Social anxiety is real. Crowd fatigue is real. Sometimes you might have to decline an invitation to do homework or get some much-needed sleep. Your social victory for the week might be saying hi to someone on your floor. You could find yourself organizing a weekly movie night to fight off homesickness. Whatever you need is okay. Take care of yourself.
The Middle
Making friends is one thing. Keeping those friendships is another. Your second and third years in college are different from the year of firsts, and it can be surprising how hard it is to stay in touch with people you thought would be lifelong friends. As you navigate the middle of your college experience, we encourage you to:
- Be intentional.
Proximity can play a surprisingly big role in the formation of friendships. You might not have the same schedule as you did with some of your first-year friends, so your lunch rhythm might look different. Maybe your choir pal is studying abroad. Maybe your best friend becomes a resident assistant in a freshman dorm, so you’re no longer living together. Intentionally make time to connect with your first-year friends.
- Be nimble.
College is a time of transformation. As you take new classes and live with new people, you might be surprised by who you most enjoy spending time with. Be nimble as you explore new friendships; don’t close yourself off to new opportunities or connections because your relationships might look a little different than they did the year before.
- Be willing to learn.
As you’re trying to figure out who you are and who you want to be, your friends are too. Be willing to learn about what you need as a student, coworker, friend, and human being. Be willing to learn what your friends need too. As you grow together, your friendships will both flourish and shrink with the seasons. Learning what that looks and feels like is part of the college experience.
The End
As you near the end of your college journey, you will have collected countless stories and memories. You might still be friends with the people in those stories. You also might not be as close as you used to be, or you might find yourselves closer than ever. As you prepare for life after college, we encourage you to:
- Be thoughtful.
Honor the end of your college journey, for it is an intense, life changing experience. Honor your accomplishments alongside the people who joined you on the mountaintops and met you in the valleys. Celebrate your college traditions. Make summer plans to connect with your friend group so you have something to look forward to together. Be thoughtful about how you can honor all the memories you’ve made together.
- Be honest about your feelings.
As you finish up final projects, search for jobs, and figure out where you’re living, it can be easy to push the emotions aside to focus on the practical things in front of you.

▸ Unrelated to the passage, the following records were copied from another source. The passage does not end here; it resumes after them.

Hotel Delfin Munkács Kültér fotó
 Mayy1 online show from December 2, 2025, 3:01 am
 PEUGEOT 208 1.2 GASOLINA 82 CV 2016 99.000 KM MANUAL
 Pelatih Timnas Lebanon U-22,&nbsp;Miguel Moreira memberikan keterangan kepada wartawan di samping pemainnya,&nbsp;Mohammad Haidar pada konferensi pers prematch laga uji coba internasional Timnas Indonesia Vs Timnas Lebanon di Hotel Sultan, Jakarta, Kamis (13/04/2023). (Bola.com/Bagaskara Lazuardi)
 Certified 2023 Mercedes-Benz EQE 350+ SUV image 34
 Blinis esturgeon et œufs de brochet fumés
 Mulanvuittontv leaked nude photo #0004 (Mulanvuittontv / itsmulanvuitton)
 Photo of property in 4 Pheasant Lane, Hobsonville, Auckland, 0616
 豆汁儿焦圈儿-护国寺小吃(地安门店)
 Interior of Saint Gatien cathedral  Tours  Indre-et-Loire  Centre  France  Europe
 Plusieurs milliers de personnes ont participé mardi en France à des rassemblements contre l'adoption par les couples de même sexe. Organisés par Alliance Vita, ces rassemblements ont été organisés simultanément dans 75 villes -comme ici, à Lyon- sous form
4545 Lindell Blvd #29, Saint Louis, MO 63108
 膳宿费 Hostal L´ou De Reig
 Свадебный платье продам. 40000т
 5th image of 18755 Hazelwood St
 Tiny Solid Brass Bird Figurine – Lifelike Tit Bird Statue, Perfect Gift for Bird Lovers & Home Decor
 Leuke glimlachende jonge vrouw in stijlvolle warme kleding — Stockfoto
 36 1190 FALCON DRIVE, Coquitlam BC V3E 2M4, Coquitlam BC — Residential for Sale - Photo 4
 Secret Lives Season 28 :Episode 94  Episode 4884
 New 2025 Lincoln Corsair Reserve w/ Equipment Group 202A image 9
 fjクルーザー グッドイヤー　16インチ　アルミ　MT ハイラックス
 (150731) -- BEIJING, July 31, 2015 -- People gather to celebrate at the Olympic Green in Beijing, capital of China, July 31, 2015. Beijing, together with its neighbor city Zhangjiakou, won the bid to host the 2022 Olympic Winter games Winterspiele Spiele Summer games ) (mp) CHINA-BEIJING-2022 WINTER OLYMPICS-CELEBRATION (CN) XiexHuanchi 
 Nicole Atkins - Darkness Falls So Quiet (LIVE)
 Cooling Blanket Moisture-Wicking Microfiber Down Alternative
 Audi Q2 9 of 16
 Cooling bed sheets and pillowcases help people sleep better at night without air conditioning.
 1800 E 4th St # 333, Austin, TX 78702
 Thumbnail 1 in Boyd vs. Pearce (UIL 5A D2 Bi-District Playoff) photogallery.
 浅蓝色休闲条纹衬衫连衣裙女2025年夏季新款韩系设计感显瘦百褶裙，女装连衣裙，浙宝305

Before you know it, you’ll be deciding what to listen to during your commute to a nine-to-five job you’ve had for three months. Take the time to feel whatever you need to feel as you’re still in college, still with the people who helped make your time at college so memorable.
- Be open to surprises.
Expectations can simultaneously offer direction and disappointment. On one hand, it’s helpful to make a few plans to intentionally connect with your people. On the other, expecting everything to stay the same after graduation might actually be harmful. Be open to surprises as you find yourself struggling to connect with friends you were close to, while hanging out with friends you didn’t know that well. No matter what life season you’re in, you’ll need people to share it with.
Lots of students say that when they visited Bethel for the first time, they just felt something different. In all we do, we make caring for our community a priority—celebrating successes with friends, working through issues together, and encouraging each other to grow. At Bethel, community is a feeling and an experience. It’s marked by a deep respect for our differences as well as a unique connection that comes with pursuing the same things.